METHOD FOR PROCESSING AUDIO INPUT DATA AND A DEVICE THEREOF
20240276171 ยท 2024-08-15
Inventors
Cpc classification
H04S7/305
ELECTRICITY
H04S2400/09
ELECTRICITY
G10L21/02
PHYSICS
G10L21/0264
PHYSICS
International classification
Abstract
A computer-implemented method for processing audio input data into processed audio data by using an audio device comprising a microphone, a processor device and a memory holding a plurality of neural networks is presented. The plurality of neural networks are associated with different room types, wherein each room type is associated with one or more reference room acoustic metrics. The method comprises obtaining, by the microphone, room response data, wherein the room response data is reflecting room acoustics of a room in which the audio device is placed, determining, by using the processor device, the one or more room acoustic metrics based on the room response data, and selecting, by using the processor device, a matching neural network among the plurality of neural networks by comparing the one or more room acoustic metrics with the one or more reference room acoustic metrics associated with the different room types associated with the plurality of neural networks.
Claims
1. A computer-implemented method for processing audio input data into processed audio data by using an audio device comprising a microphone, a processor device and a memory holding a plurality of neural networks, wherein the plurality of neural networks are associated with different room types, wherein each room type is associated with one or more reference room acoustic metrics, said method comprising: obtaining, by the microphone, room response data, wherein the room response data is reflecting room acoustics of a room in which the audio device is placed, determining, by using the processor device, the one or more room acoustic metrics based on the room response data, selecting, by using the processor device, a matching neural network among the plurality of neural networks by comparing the one or more room acoustic metrics with the one or more reference room acoustic metrics associated with the different room types associated with the plurality of neural networks, and processing the audio input data captured by the microphone in combination with the speech data received into the processed audio data by using the matching neural network.

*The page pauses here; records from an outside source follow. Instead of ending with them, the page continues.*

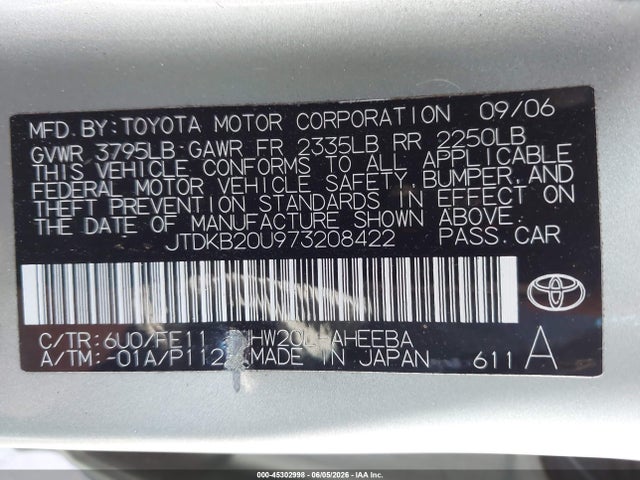 Aukcja sprzedaży 2007 Toyota Prius, vin: JTDKB20U973208422, numer aukcji: 45302998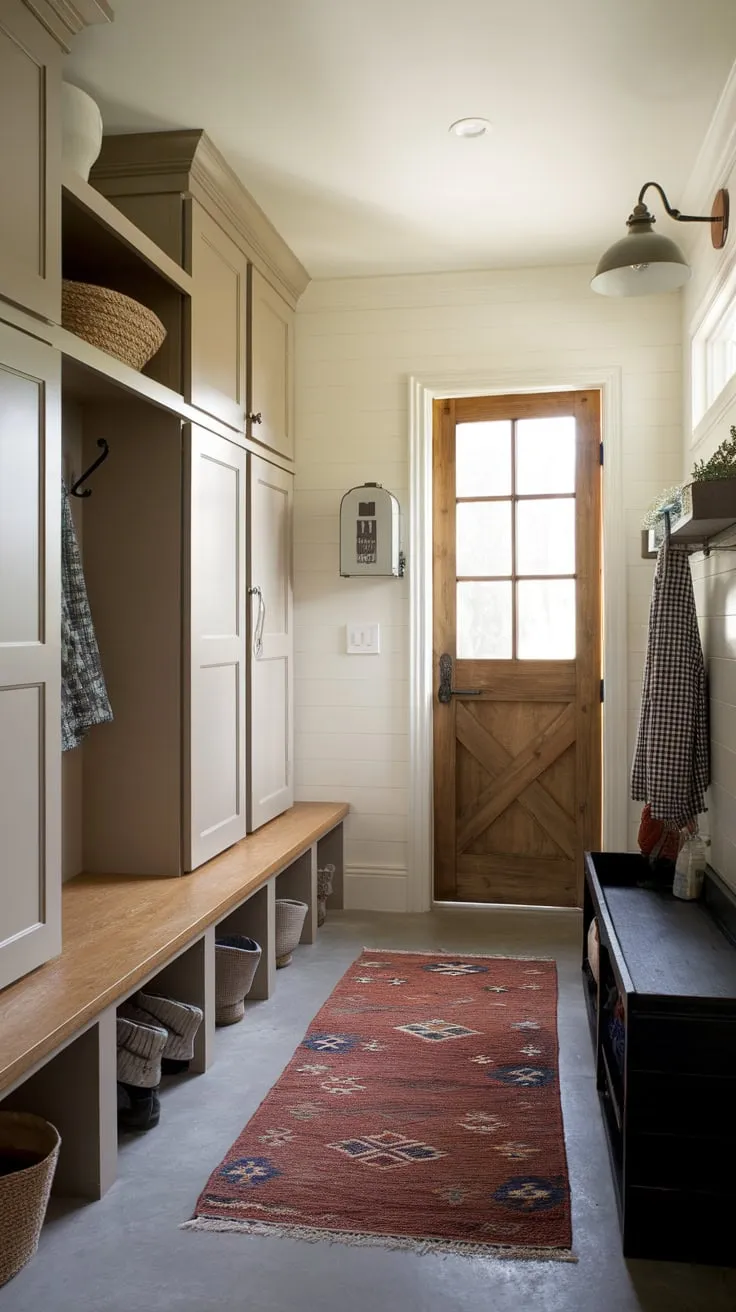 Rustic charm meets practical function in a mudroom featuring beige cabinets, a wooden bench, and ample storage.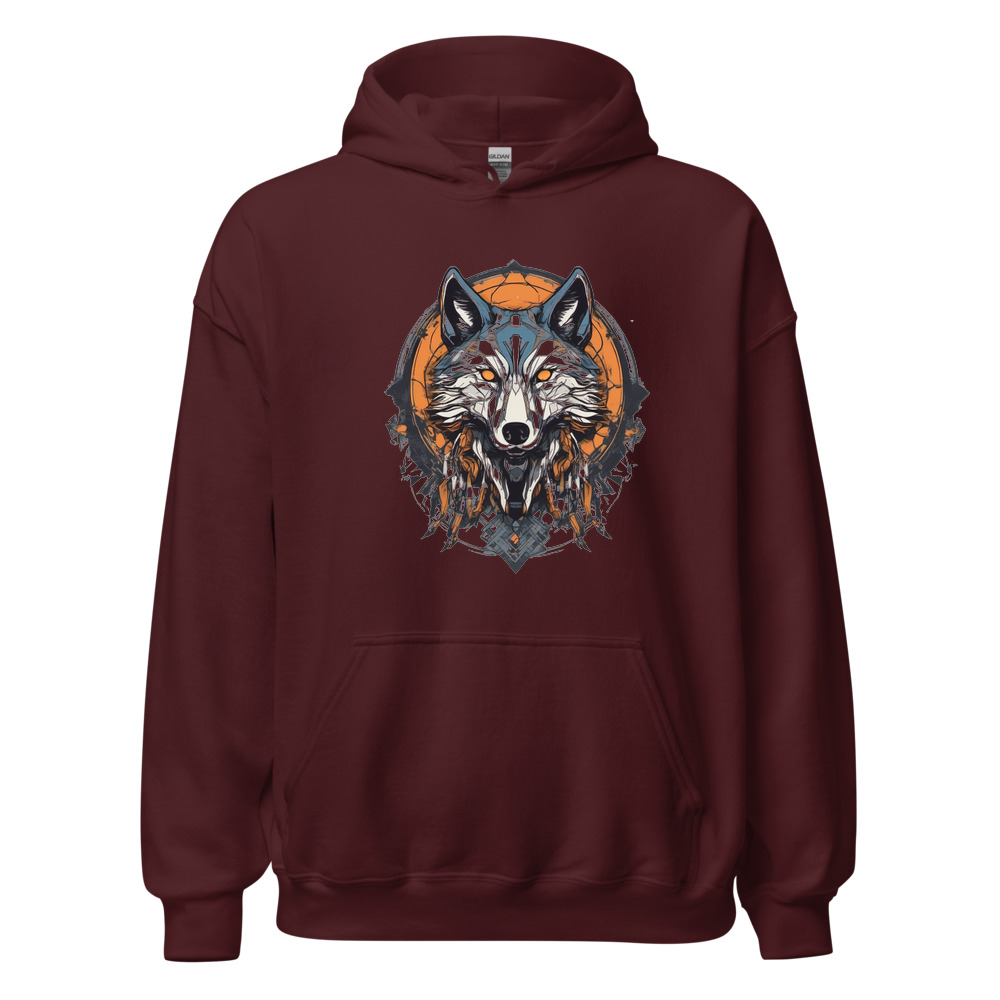 Maroon Hoodie with print art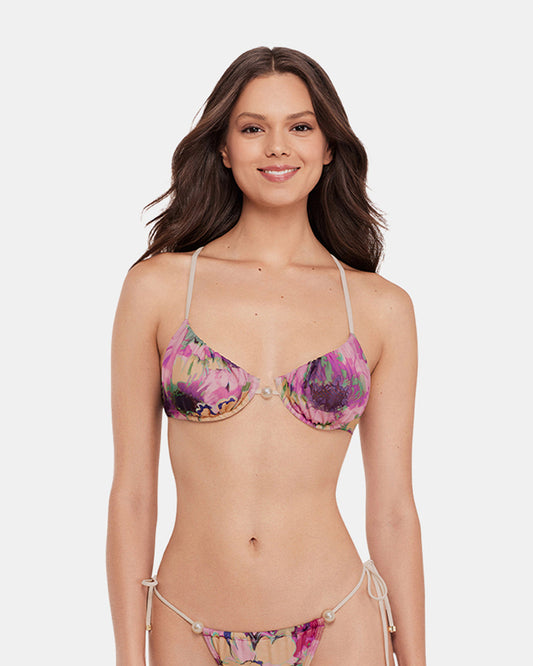 SUPER BLOOM MULTI BIKINI TOP Underwire Pearl Women's Bikini Top | Steve Madden Best Seller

2. The method according to claim 1, wherein the one or more room acoustic metrics comprise reverberation time for a given frequency band or a set of frequency bands, such as RT60, a Direct-To-Reverberant Ratio (DRR) and/or Early Decay Time (EDT).
3. The method according to claim 1, wherein the plurality of neural networks comprise a generally trained neural network, and the generally trained neural network is selected as the matching neural network in case no matching neural network is found by comparing the one or more room acoustics metrics with the one or more reference room acoustic metrics.
4. The method according to claim 1, wherein the plurality of neural networks have been trained with different loss functions, wherein the different loss functions differ in terms of trade-offs between different distortion types.
5. The method according to claim 1, wherein the audio input data and the processed audio data are multi-channel audio data.
6. The method according to claim 1, wherein the audio device comprises an output transducer, said method further comprising: obtaining speech data originating from a far-end room via a data communication device, wherein the audio device is placed in a near-end room, generating sound by using the output transducer using the speech data received, wherein the room response data captured by the microphone is based on sound generated by the output transducer using the speech data.
7. The method according to claim 1, further comprising: transferring the processed audio data to a far-end device placed in the far-end room, wherein the far-end device is provided with an output transducer arranged to generate sound based on the processed audio data.
8. An audio device comprising: a microphone configured to obtain room response data, wherein the room response data is reflecting room acoustics of a room in which the audio device is placed, a memory holding a plurality of neural networks, wherein the plurality of neural networks are associated with different room types, wherein each room type is associated with one or more reference room acoustic metrics, a processor device configured to determine the one or more room acoustic metrics based on the room response data, and to select a matching neural network among the plurality of neural networks by comparing the one or more room acoustic metrics with the one or more reference room acoustic metrics associated with the different room types associated with the plurality of neural networks, wherein the processor device is arranged to process the audio input data captured by the microphone in combination with the speech data received into the processed audio data by using the matching neural network.
9. The audio device according to claim 8, wherein the one or more room acoustic metrics comprise reverberation time for a given frequency band, such as RT60, a Direct-To-Reverberant Ratio (DRR) and/or Early Decay Time (EDT).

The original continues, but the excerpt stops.